• [Task directions]
Leaving out the pictures, please reproduce exactly and only the lines from the one that contains "zyunya, ichinose kotomi, clannad, 00s, 1girl, blue" through the last line below.

• [Source material]
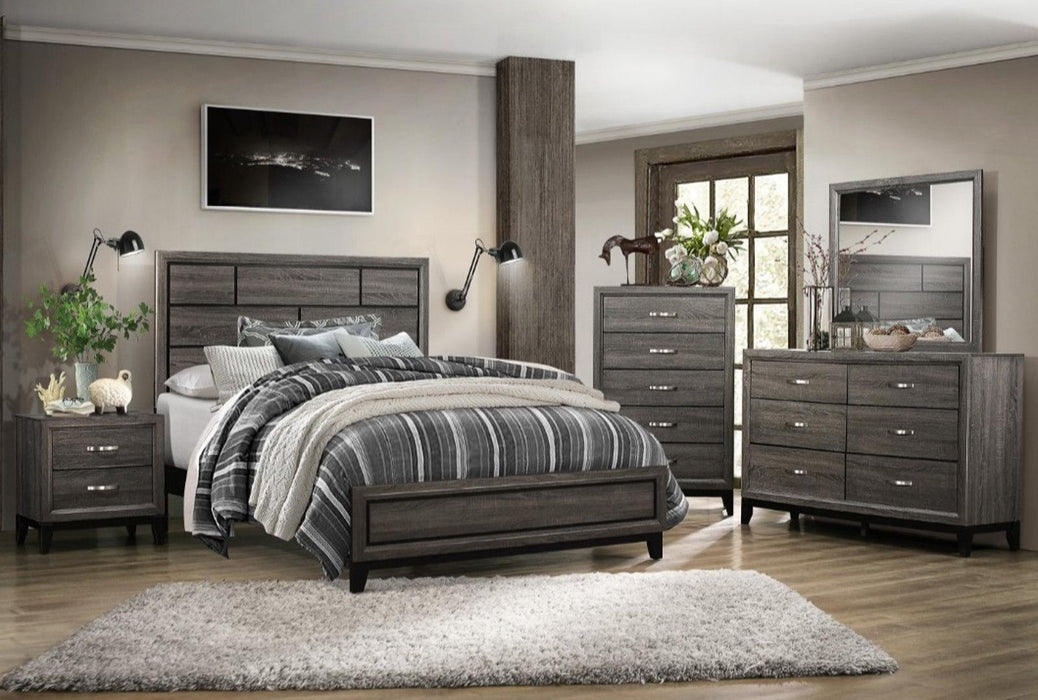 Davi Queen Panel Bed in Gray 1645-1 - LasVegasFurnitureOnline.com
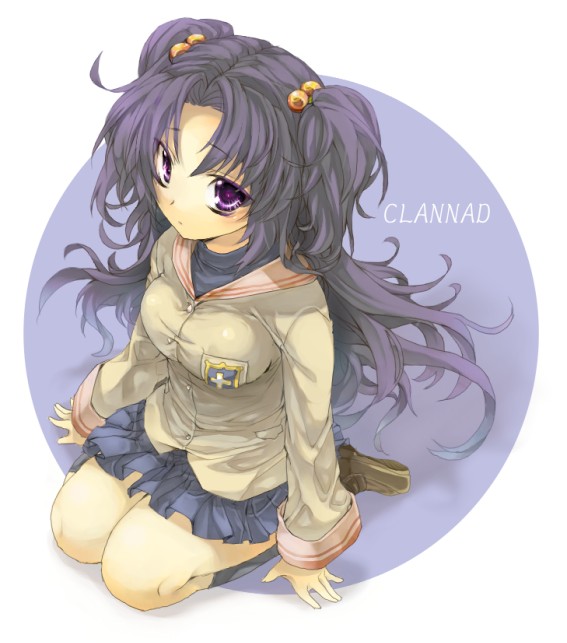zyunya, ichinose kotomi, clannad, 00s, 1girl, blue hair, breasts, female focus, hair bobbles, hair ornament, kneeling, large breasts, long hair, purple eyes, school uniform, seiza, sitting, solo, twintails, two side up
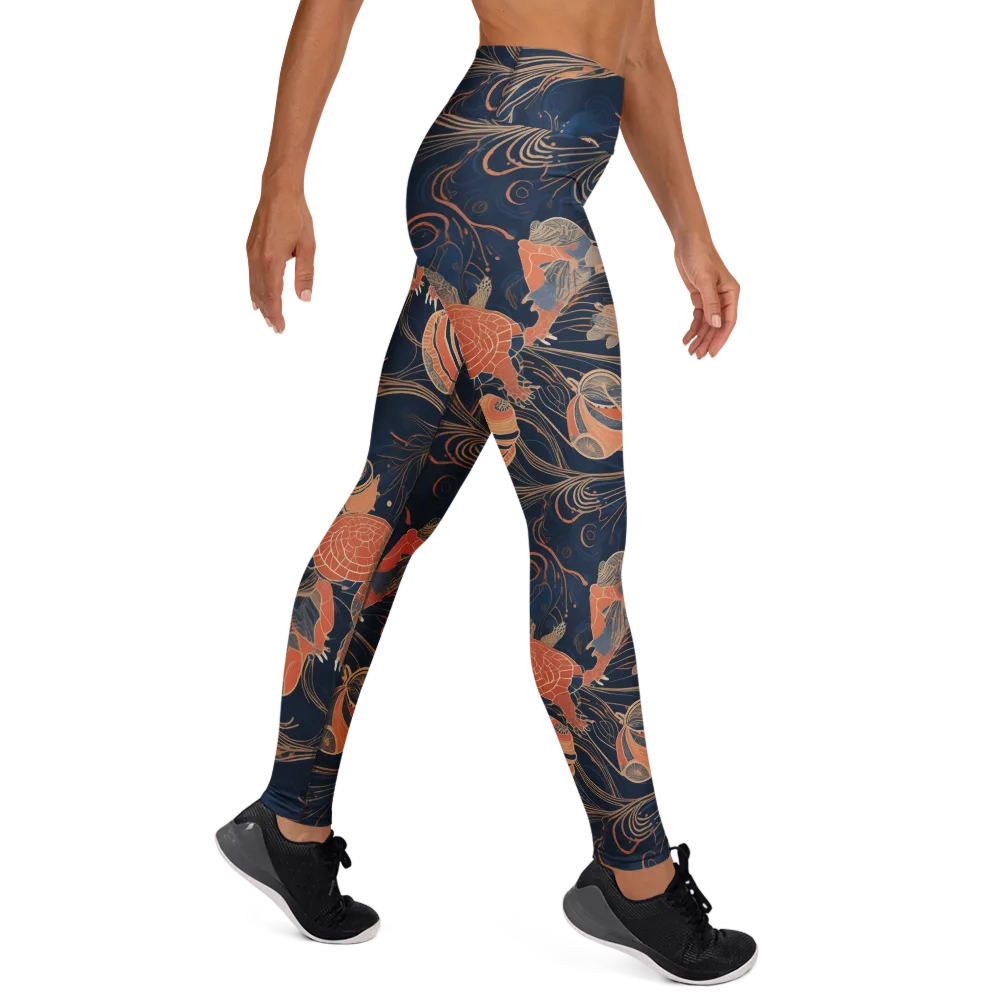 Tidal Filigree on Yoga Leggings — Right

• [Response]
zyunya, ichinose kotomi, clannad, 00s, 1girl, blue hair, breasts, female focus, hair bobbles, hair ornament, kneeling, large breasts, long hair, purple eyes, school uniform, seiza, sitting, solo, twintails, two side up
 Tidal Filigree on Yoga Leggings — Right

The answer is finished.